Make no mistake: This is censorship at work.
While millions of individual educators and students have felt the effects of these laws, the full scope of their impact is just starting to come into focus. In the past year, a number of national and state studies have documented their effects. These analyses, taken together, paint a clear picture of a crisis in American education. Educators across the country — from kindergarten teachers to college professors, music teachers to neuroscientists — report fearing government censorship for doing their jobs. At the same time, educational gag orders threaten to weaken public school systems and public universities, as educators leave, research grants are denied, and schools and universities struggle to recruit top talent.
The evidence shows that educational gag orders, which are often vaguely worded and erratically enforced, force teachers to self-censor, even beyond the wording of applicable laws.

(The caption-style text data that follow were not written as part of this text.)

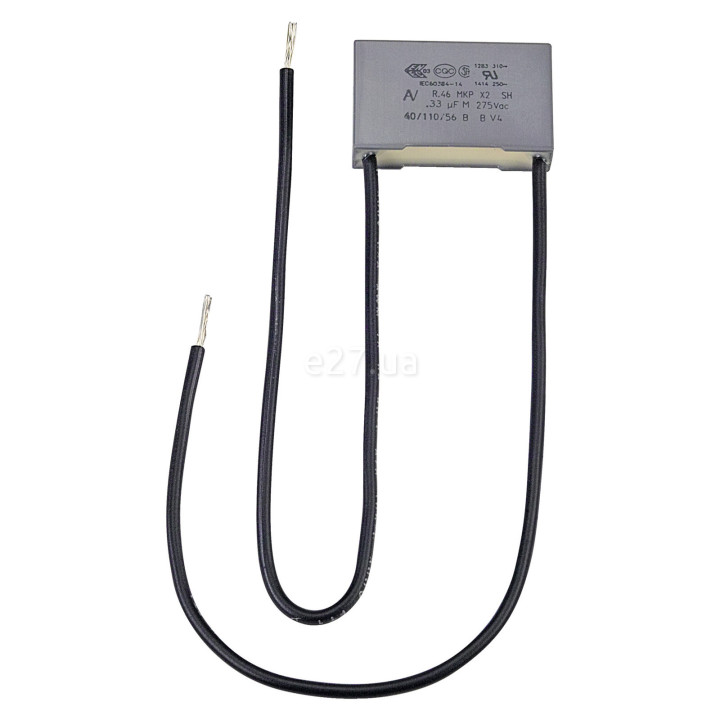 Конденсатор Schneider Electric 542895 · Schneider Electric · schneider-electric-542895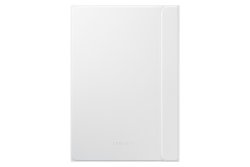 Samsung Galaxy Tab A 9.7 Book Cover White EF-BT550PWEGUJ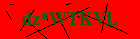 Security image. You must enable images to submit entry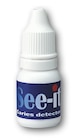 ­See-It - Blauw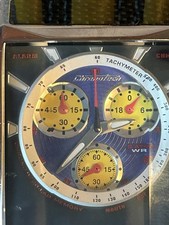 Renault F1 Team Men's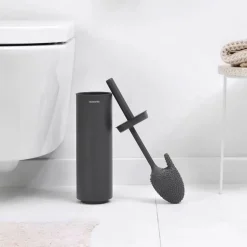 Brosse de toilettes de rechange MindSet, Brabantia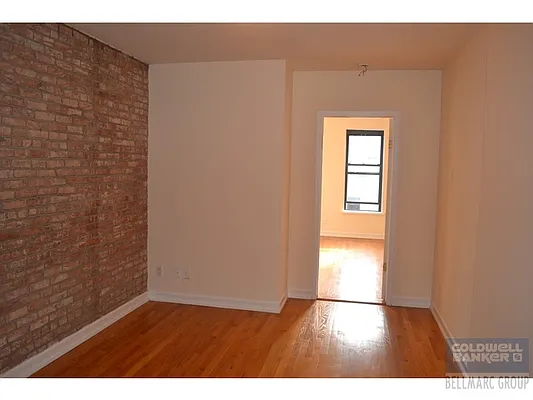 Rented by Aclawrence | media 31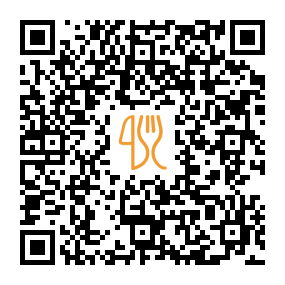 QR-code link către meniul Subway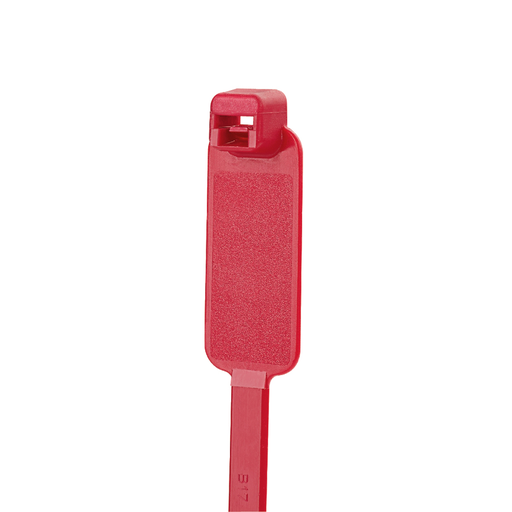Wire & Cable Fasteners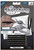Royal & Langnickel Mini Sketching Made Easy Kit Royal & Langnickel Mini Sketching Made Easy Kit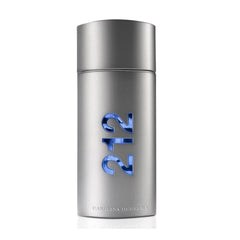 Carolina Herrera 212 VIP MEN 100ML
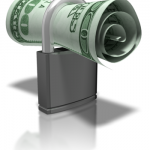 estate planning lawyers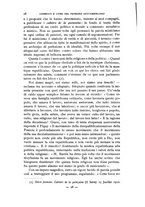 giornale/CFI0368015/1913/unico/00000042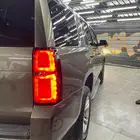 تاهو 2015 ال تي بدي وكاله شرط للبيع
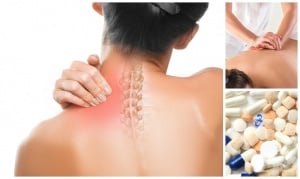 ������� ��� ��������� (������)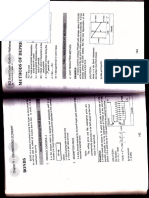 Img - 0078 MCQ Ece Board Exam 143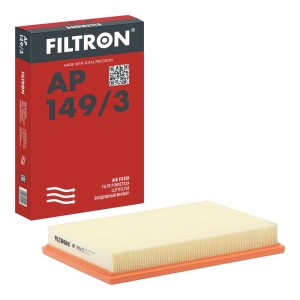ΦΙΛΤΡΟ ΑΕΡΟΣ FILTRON FA-2015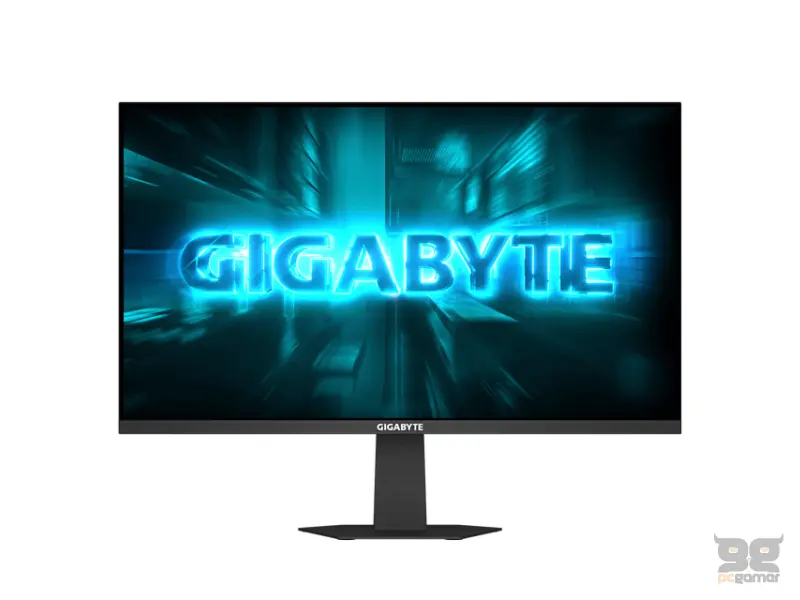 GIGABYTE 23.8 inča GS24F14 FHD 1920x1080 144 Hz gaming monitor 
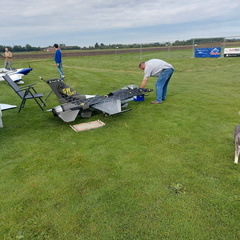 IMG-20251104-WA0021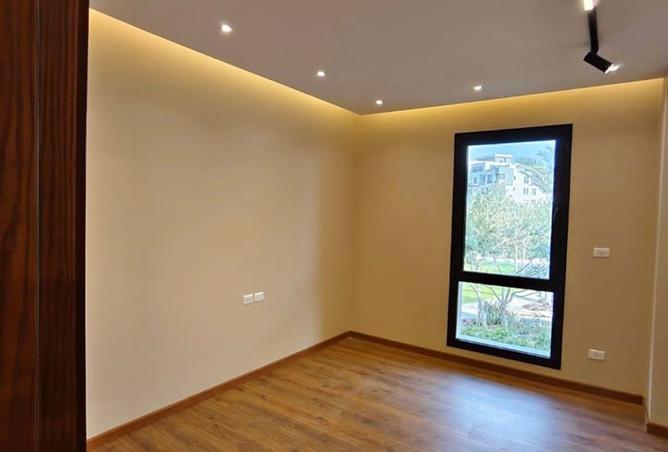 8175375 - Property Image 2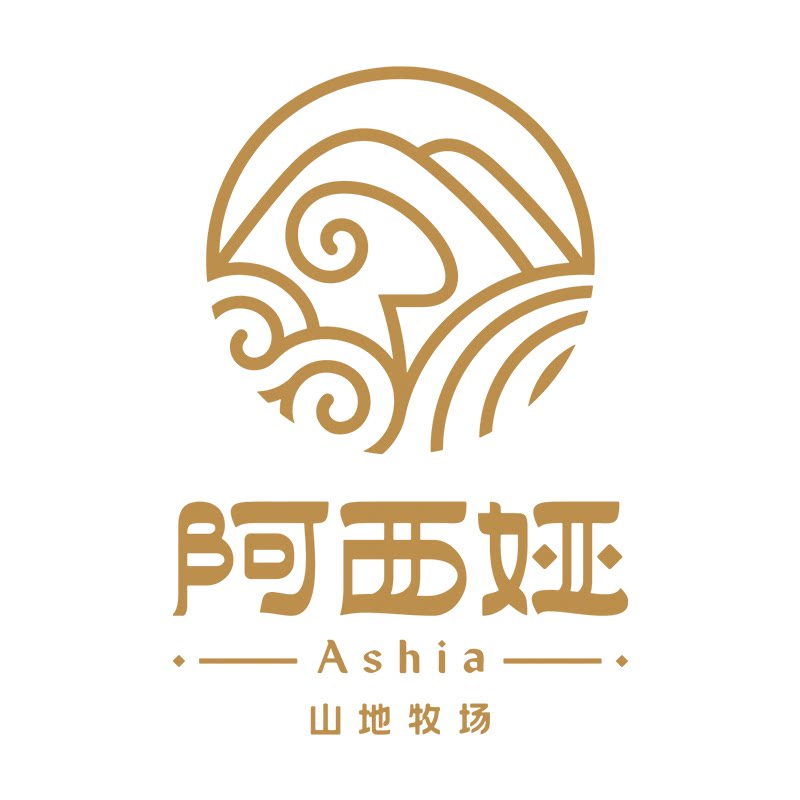 阿西娅旗舰店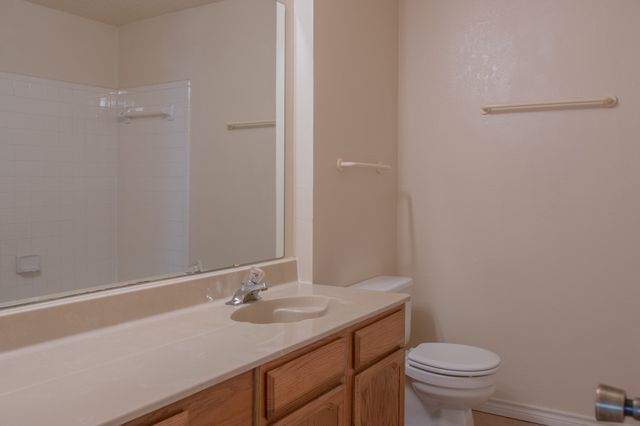 808 Sandhurst Drive, Plano, TX 75025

Teachers have reported feeling “nervous about teaching Frederick Douglass” and questioning whether to even teach about the Civil War and Reconstruction. Music teachers have wondered whether or how to teach about African American spirituals, jazz and the blues. A high school social science teacher described working “in an atmosphere of fear and paranoia.”

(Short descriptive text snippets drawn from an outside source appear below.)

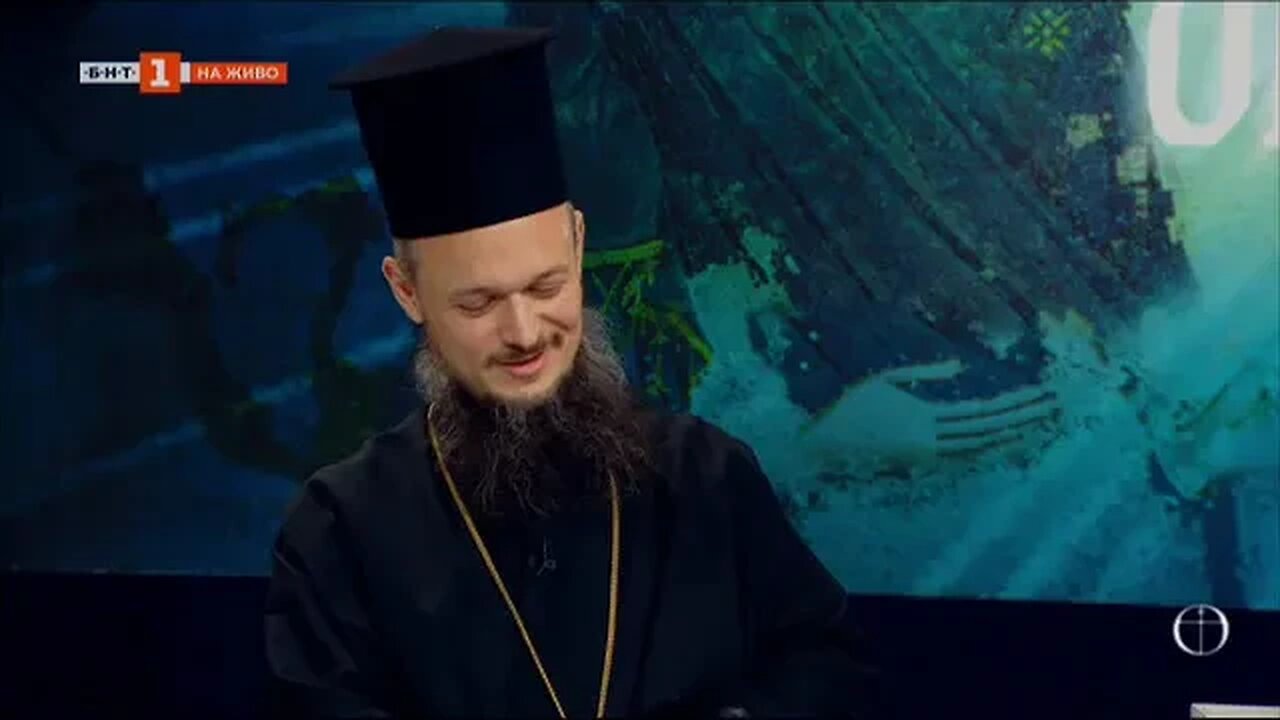 Вяра, която се доказва чрез съмнение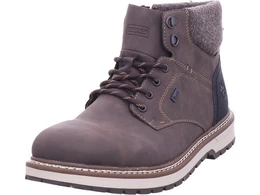 HWK Herren Stiefel Stiefel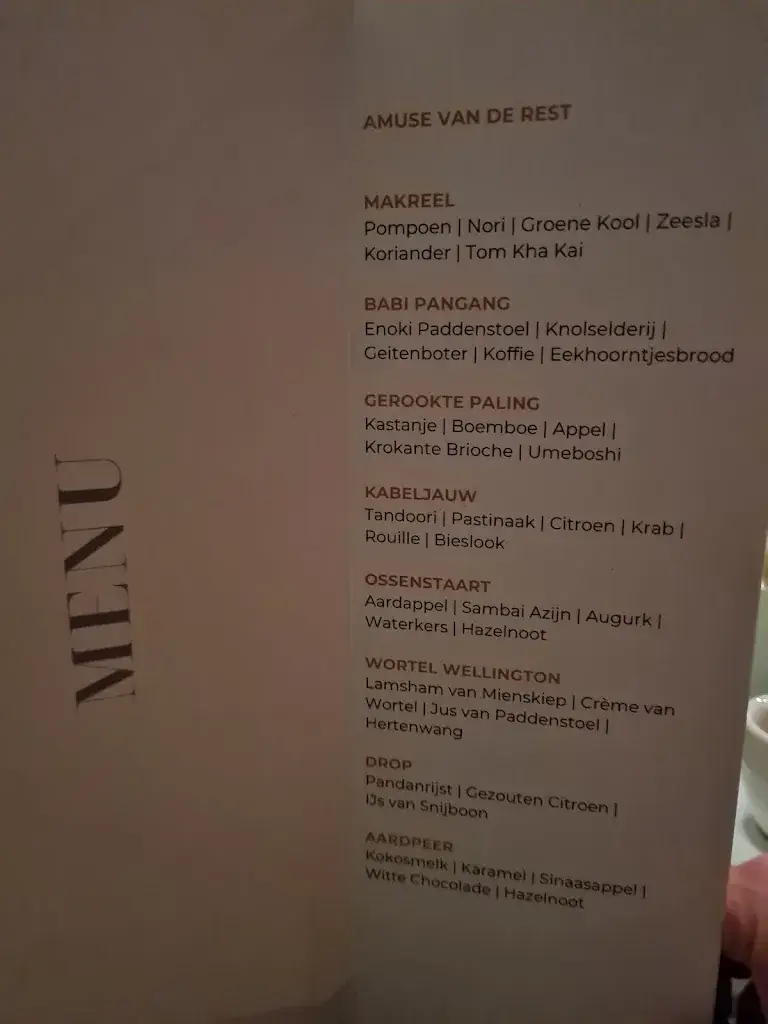 Menu_Oan Tafel_Wergea_image_1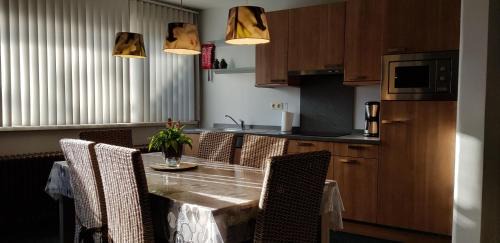 Neerpelt Apartment | Highly Rated Apartment Campinor with Family Amenities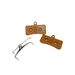Brake Pad Set for Surron Light Bee (2026) - Surron Canada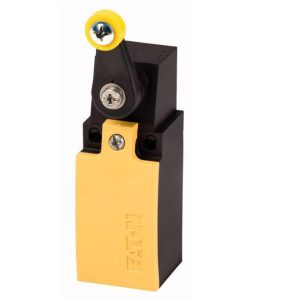 LS-S11S/RL  106802 INTERRUPTOR DE LIMITE EATON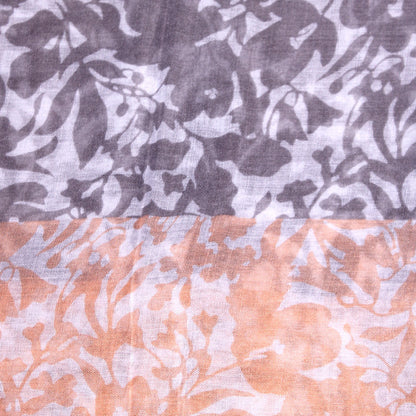 Ainaz Polyester Hijab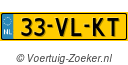 33VLKT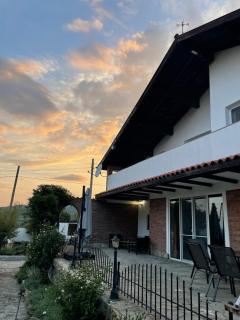 Райска тишина - 9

Here in Florida, home to some of the nation’s greatest public colleges and universities, faculty surveyed by the American Association of University Professors depict the chilling effect of censorship in action. “I live in fear of vindictive students and administrators who may not like my teaching and research.” “I constantly feel like I am one denunciation away from a derailed life and career.” “I’ve … received pressure from students to give them a grade that they want in exchange for not submitting a complaint about me.” Professors report struggling to find qualified candidates for open positions, or losing grant and collaboration opportunities because of fears of government crackdowns. Large majorities of faculty members now say they would not recommend Florida to prospective colleagues.

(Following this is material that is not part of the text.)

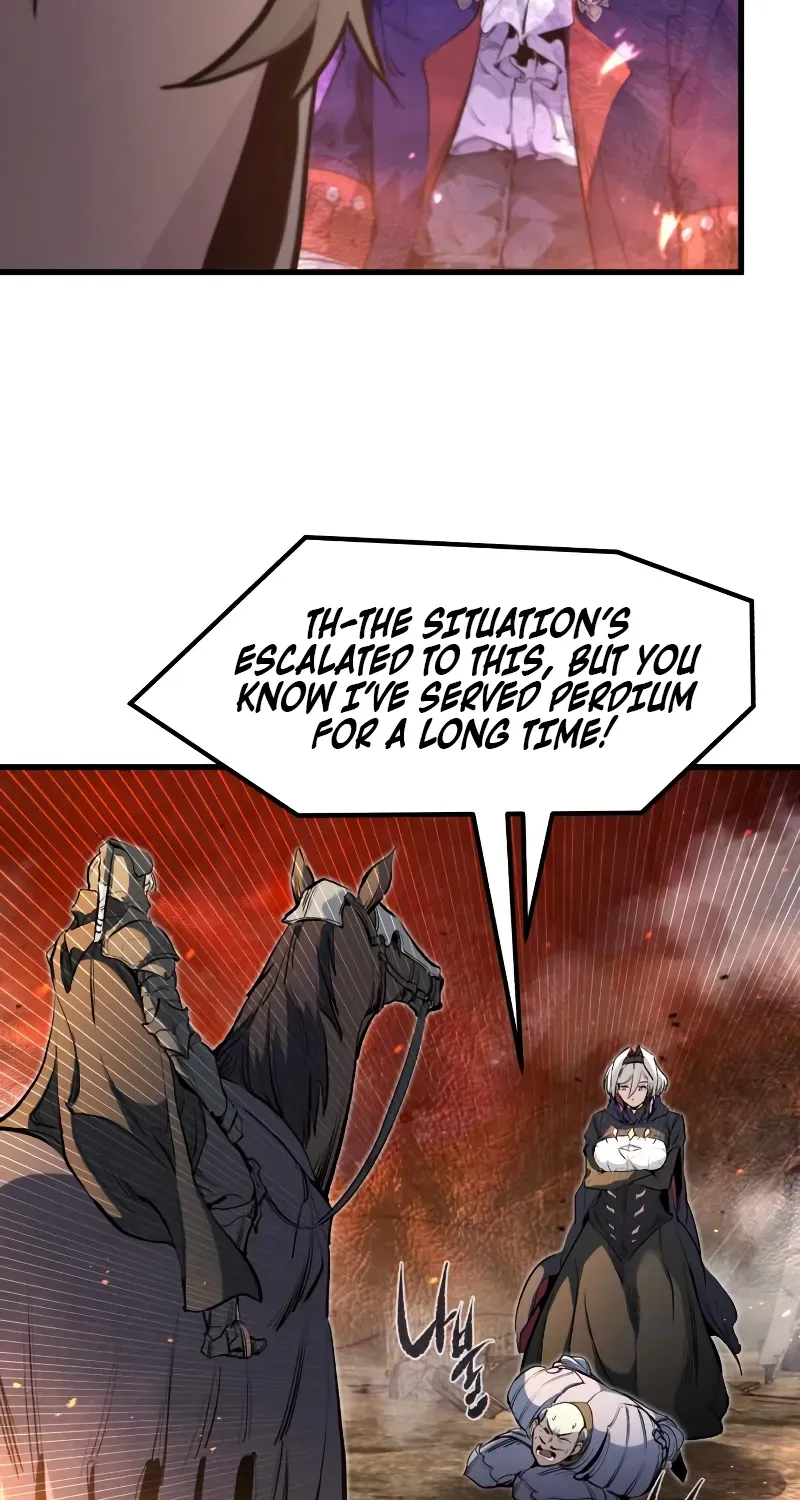 Chapter 36 — page 35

State-level restrictions on the teaching of racism and slavery have proved to be widely unpopular. A CBS News poll, for instance, found large majorities rejecting the banning of books based on discussions of race or criticisms of U.S. history. But instead of giving up, would-be censors have simply shifted focus. This year saw an explosion of new proposals to restrict how public schools teach about sexual orientation and gender identity. PEN America found that 38 such bills were proposed in the states this year.
In higher education, state officials have increasingly shifted from directly regulating what university faculty can teach to undermining the structures that protect academic freedom. Lawmakers have attacked tenure protections and independent accreditation agencies, banned courses from general education curricula, and attempted to eliminate entire departments or majors, all in attempts to exert control over higher education without directly threatening faculty speech.
Here in Florida, the cause to which I have dedicated my life and career faces a bleak future: intellectually impoverished universities, diminished educational opportunities for students, and a weakened democracy as those students become adult citizens without first learning about the world and the people around them. But I also have hope that engaged parents, teachers and community members can reverse this trend. Advocates in Ohio, North Dakota and Alabama have succeeded, at least for now, in halting educational gag orders, and educators in my home state have gone to court to protect their free speech rights.
In the coming year, I expect censorship advocates to pursue new, creative ways to exert control over public schools and universities. But they will — they must — be met with an increasing wave of resistance from those who know that free schools and colleges make a free people.
Eduardo J. Padrón is the former president of Miami-Dade College, a 2015 recipient of the Presidential Medal of Freedom, and a signatory of PEN America’s Champions of Higher Education Statement of Purpose.